M. Şadi Ozansü
Seçimler şöyle ya da böyle yapılacak. İşçi sınıfının bağımsız örgütlülüğünün zayıflığı Başkanlık seçimine kendi aday ya da adaylarıyla katılımını oldukça zorlaştırıyor. Kaldı ki sınıfın çok sınırlı bir kesiminin kendi adayıyla ortaya çıkması da işin rengini değiştirmeyecekti zaten. Çünkü sorun öncelikle Başkanlık Sistemine son verilip verilmeyeceğidir.

Sıradan bir seçim atmosferinde değiliz
Olağan koşullarda işçi sınıfı örgütlerinin kendi adaylarıyla seçimlere katılmaları hem kendi güçlerinin işçi sınıfı ve toplum üzerindeki karşılığını görmeleri hem de işçi sınıfının iktidar mücadelelerinin programının işçi kitlelerinden ne kadar destek alacağını görmeleri için bir fırsattır. İşte o kadar. Ne bir eksik ne bir fazla! Ama bugün herhangi bir ülkedeki sıradan bir seçim yaşamıyoruz. Bu seçim sürecinin bugünden başlayarak kendisinin ve sonrasının ülke sınıf mücadelesine doğrudan etkisi olacaktır. Tek Adam sistemi kalsa da gitse de sınıf mücadelesi keskinleşecektir. Kuşkusuz arzumuz bu rejimin sona ermesidir, çünkü o zaman bugüne kıyasla çok daha farklı bir ülkede olacağız. İşçi sınıfı ve ezilen halkın önünde çok güçlü mücadele imkânları doğacaktır.
Öncelikle siyasi mahkumların derhal özgürlüklerine kavuşmaları için muazzam bir hareket başlayacak, bunun önünde herhangi bir gücün ayak diremesi zorlaşacaktır. Mevcut iktidar partileri şu andaki güçlerinin çok gerisine düşecekler, seçimleri kazanan burjuva muhalefet partileri koalisyonu da kitleleri kontrol altında tutabilmekte çok zorlanacaktır.
İşte bu koşullar işçi sınıfının bu iktidar döneminde büyük ölçüde tırpanlanmış haklarını geri alabilmesinin kanallarını açacaktır. Aynı şekilde ezilen halk için de bütün kaybettiklerini geri alması için büyük fırsat doğacaktır. Ülkenin dört bir tarafında sosyal haklarla demokratik haklar için mücadelenin yolları açılacaktır. Kısaca böyle bir seçim sonucundaki ülke bugünkünden çok farklı olacaktır. Bütün işçi sınıfı örgütleri olarak bu duruma hazırlıklı olmalıyız.

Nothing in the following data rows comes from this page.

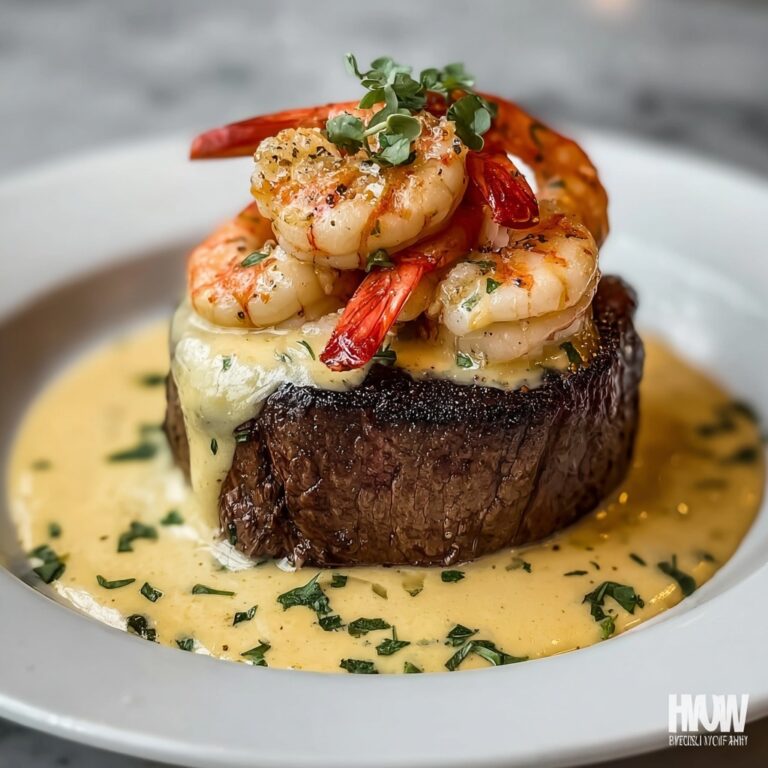 Decadent Filet Mignon with Shrimp and Lobster Cream Sauce Recipe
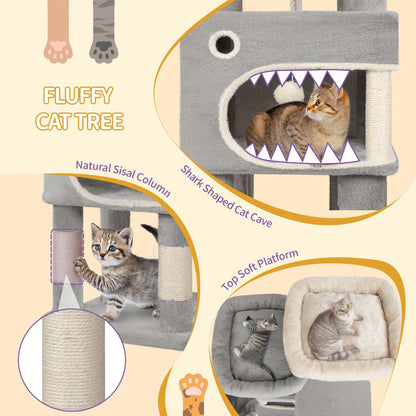 [Multi-Level Cat Tree] HZUANERI 180cm Multi-Level Cat Tree | 8 Scratching Posts, 3 Platforms, 2 Dens, Basket & Plush Balls - Durable Sisal Rope for Indoor Cats of All Sizes, Space-Saving Design for Climbing, Resting & Play, Cat Climbing Tower, Pet Activit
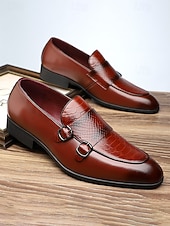 preiswerte Slipper-Rote Herren-Monk-Strap-Schuhe aus Kunstleder – elegante und stilvolle Schuhe für Hochzeiten und besondere Anlässe
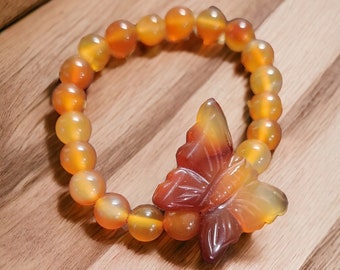 Carnelian Butterfly Beaded Crystal Bracelet
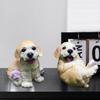 Animal Sculpture Dog Statue Gift Home Decor Resin Puppy Figurine Ornament for Desktop Cabinet Living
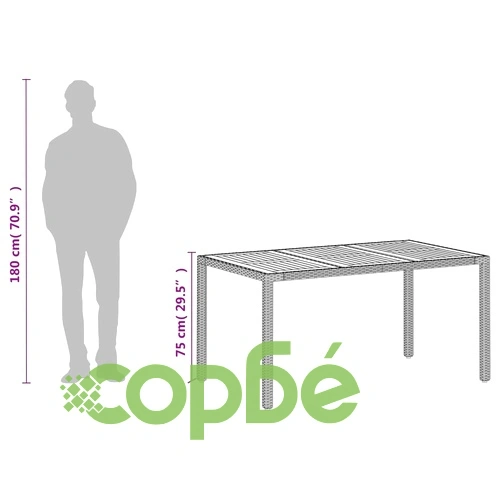 Градинска маса, бежов, 150x90x75 см, полиратан и акациево дърво ➤ топ цена ➤ sorbe.bg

Bunun tersine Tek Adam rejimi kazanırsa işler işçi sınıfı ve ezilen halk açısından bugün olduğundan çok daha zorlaşacak ama kuşkusuz totaliter rejime karşı mücadele imkânları zayıflamakla birlikte ortadan kalkmayacaktır.
İşçi sınıfı bu seçimde tarafsız kalamaz!
İşçi sınıfı Tek Adam rejiminin devam etmesiyle ortadan kalkması seçenekleri karşısında tarafsız kalamaz. Son tahlilde kendi kurtuluşu için eline geçen bütün imkânları değerlendirmek zorundadır. Mevcut muhalefet blokuna zerre kadar güvenmeden karşı blokun devrilmesi için mücadele edilmelidir. Seçimler öncesinde ve sonrasında Başkanlığa aday gösterilsin gösterilmesin işçi sınıfına patron partilerinden bağımsız bir siyasal çıkış yolu gösterilmeli ve bunun kolektif propagandası bütün bağımsız işçi örgütlerince yapılmalıdır. Bu çıkış yolunun ne olması gerektiğinin tartışmasını bültenimizin bir sonraki sayısında başlatmaya çalışacağım. [10.11.22]
* Bu yazı İKEP merkezi bülteni Paydos’un Kasım 2022 tarihli 9. sayısında yayınlanmıştır.